:: Given material ::

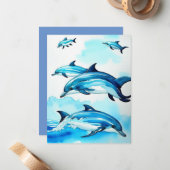 Carte de note plat Dolphin Swim (Devant/Arrière en situation)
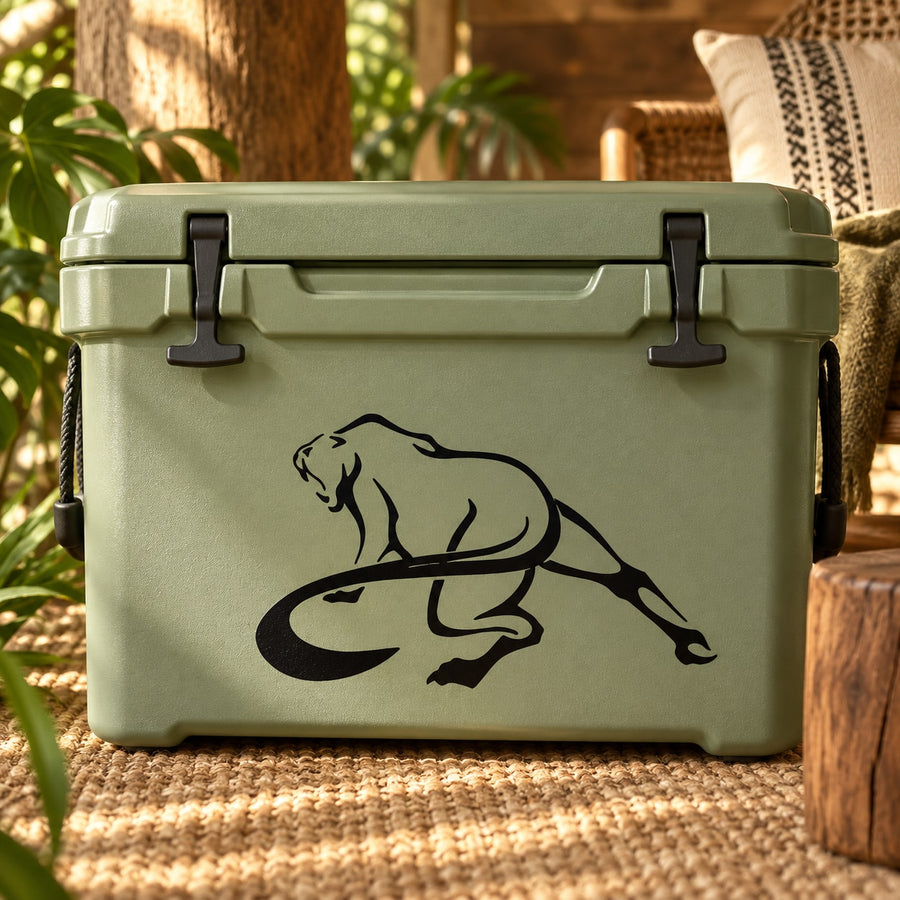Green hard cooler with black panther tail whip decal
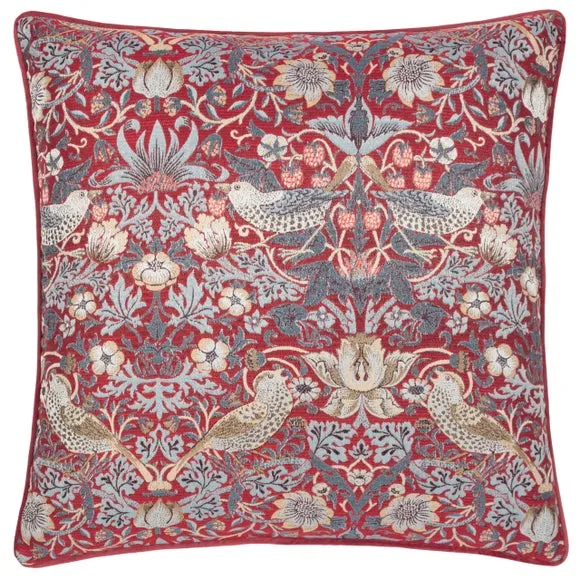 Morris & Co. Strawberry Thief Jacquard Square Cushion 3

:::

Task details :: Everything from the line containing "Green hard cooler" through the final line of the material must be set down exactly, except the pictures.

Answer space ::
Green hard cooler with black panther tail whip decal
 Morris & Co. Strawberry Thief Jacquard Square Cushion 3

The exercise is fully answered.